Q: Iran has assumed the three-year presidency of the Non-Aligned Movement in the 16th summit of the organization which was held in Tehran in August 2012. What’s your viewpoint regarding the importance of this summit for Iran which the UN Secretary General Ban Ki-moon and Egyptian President Muhammad Morsi along with several leaders from across the world attended?
A: I think it’s significant because one of the main objectives of Israel and the United States was to depict Iran as isolated from the rest of the world. But what we are seeing is that to some extent, they are Israel and the United States that are increasingly being isolated from the rest of the world. And the refusal of so many countries in denouncing Israel and the United States’ calls for not attending the summit and otherwise isolating the Iranian government is very significant in that regard as are the two votes that just took place in the UN that overwhelmingly sided against Israel. So I think the Israelis have become their own worst enemies through their extreme pursuance of the ideological vision, their refusal to compromise, their expansion of settlements that are illegal and their use of violence and aggression have alienated a huge part of the world, much more than Iran has, and if there’s anyone in the danger of isolation, I think it’s Israel.

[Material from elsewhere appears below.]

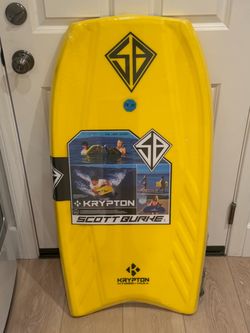 Scott Burke Krypton Hydro-Hull Bodyboard Yellow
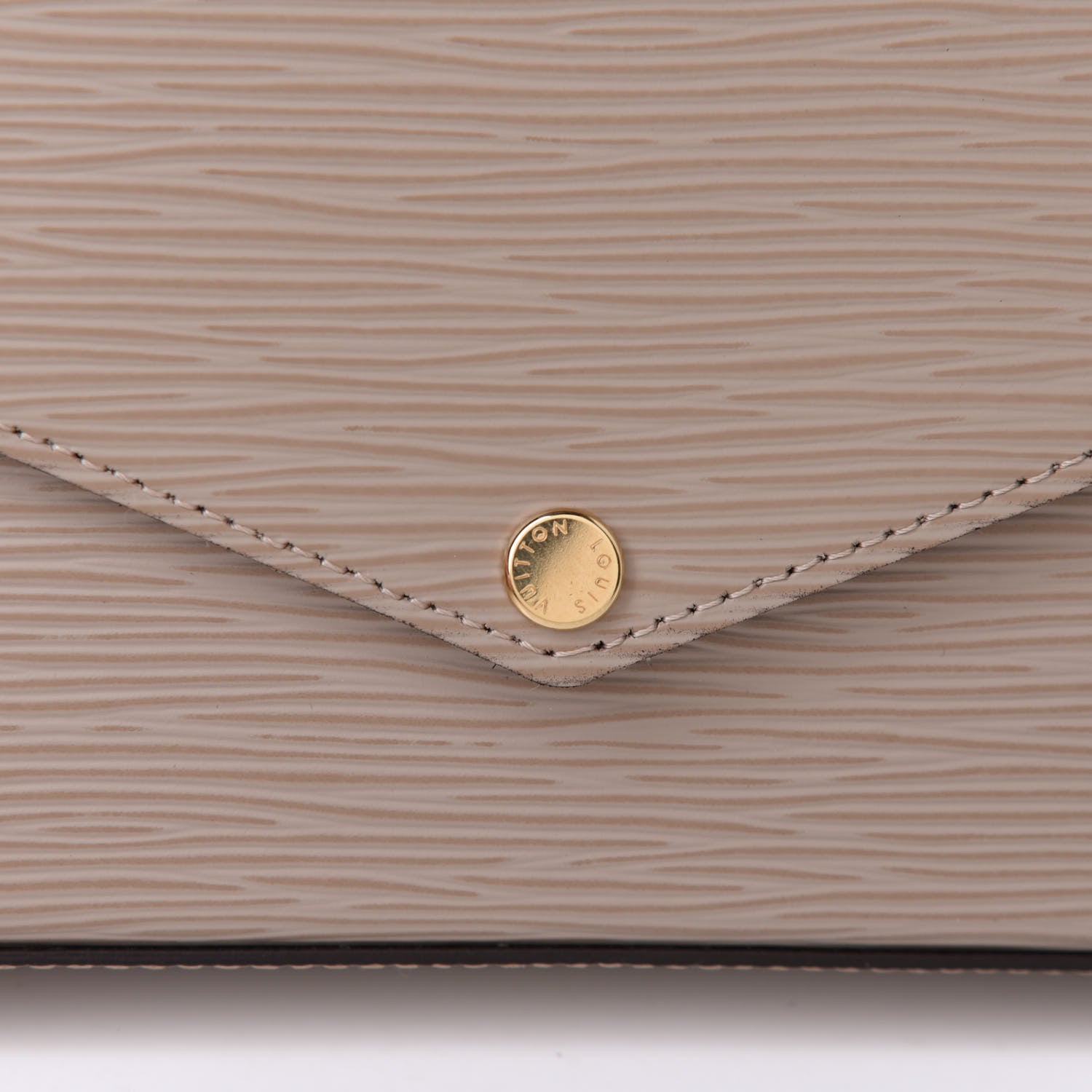 Louis Vuitton Epi Felicie Pochette Chain Wallet Galet 10 of 13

Q: And finally, what’s your viewpoint regarding Israel’s aggressive war rhetoric against Iran and its continued threats of using force against Iran? These war threats clearly violate the UN Charter, but the Security Council hasn’t taken any practical steps to criticize and punish Israel for its illegal behavior. What’s your take on that?
A: Well, I think that UN Security Council’s enforcement of those roles is practically impossible because almost everybody knows that the United States will veto any resolution to condemn Israel for its use of those threats. It’s also the case that many countries that are in the Security Council, mostly the United States, but also Russia and China also use threats against other countries in violation of the UN Charter, so everyone is a little bit afraid of punishing Israel for violating rules that those countries themselves like to violate, but it’s really the case that the United States and Israel have made a joke of the UN Charter and continuously threaten Iran to use military force against Iran, to bomb Iran, to keep all options on the table including a military strike, and this is a clear violation of the UN Charter and everything that it was intended to stand for. As long as the U.S. has the veto power, the Security Council will be completely unable to act against Israel’s violation of the UN Charter.